KGRAG-Ex: Explainable Retrieval-Augmented Generation with Knowledge Graph-based Perturbations
Georgios Balanos, Evangelos Chasanis, Konstantinos Skianis, Evaggelia Pitoura

TL;DR
KGRAG-Ex enhances retrieval-augmented generation by integrating knowledge graphs for improved factual grounding and explainability, using perturbation methods to analyze the influence of graph components on generated responses.
Contribution
This work introduces KGRAG-Ex, a novel system that leverages domain-specific knowledge graphs and perturbation techniques to improve explainability in retrieval-augmented language models.
Findings
Perturbation methods reveal the influence of KG components on answers.
Graph structure impacts the importance of entities in explanations.
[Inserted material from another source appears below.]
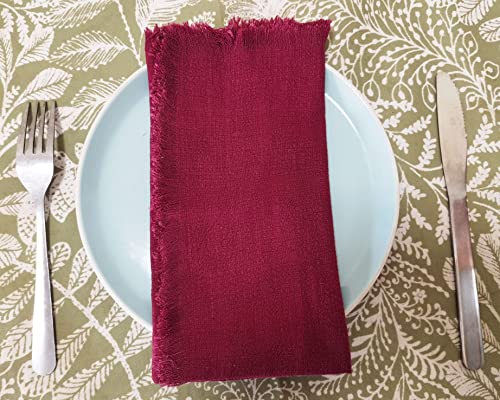 Serviettes de table coton 45x45 cm pour éviter le papier jetable rouge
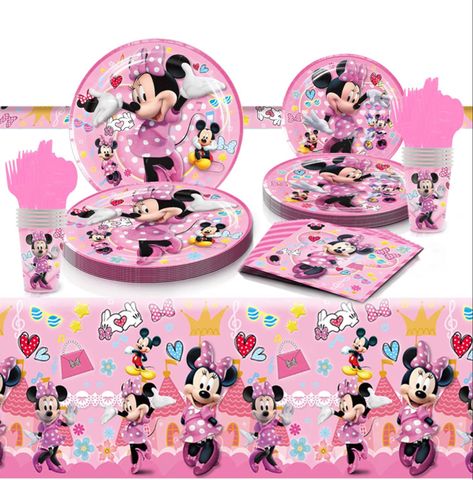 Minnie Mouse Birthday Party Decorations Mouse Birthday Party Supplies Mouse Party Decorations include Plates, Cups, Napkins, Forks, Knives, Spoons and Tablecloth Pink Minnie Mouse Party Supplies for Kids #MinnieMouse #Minnie #Party #MinnieMouseParty #MinnieParty #Disney #DisneyBaby #FirstBirthday #Birthday #BirthdayParty #sponsored #MinnieMouseBirthdayParty Minnie Mouse Birthday Theme, Pink Baby Shower Decorations, Minnie Mouse Birthday Party Decorations, Birthday Table Decorations, First Birthday Party Themes, Pink Minnie, Minnie Party, Minnie Mouse Birthday Party, Minnie Birthday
Semantic node types affect the interpretability of retrieval paths.
Abstract
Retrieval-Augmented Generation (RAG) enhances language models by grounding responses in external information, yet explainability remains a critical challenge, particularly when retrieval relies on unstructured text. Knowledge graphs (KGs) offer a solution by introducing structured, semantically rich representations of entities and their relationships, enabling transparent retrieval paths and interpretable reasoning. In this work, we present KGRAG-Ex, a RAG system that improves both factual grounding and explainability by leveraging a domain-specific KG constructed via prompt-based information extraction. Given a user query, KGRAG-Ex identifies relevant entities and semantic paths in the graph, which are then transformed into pseudo-paragraphs: natural language representations of graph substructures that guide corpus retrieval. To improve interpretability and support reasoning…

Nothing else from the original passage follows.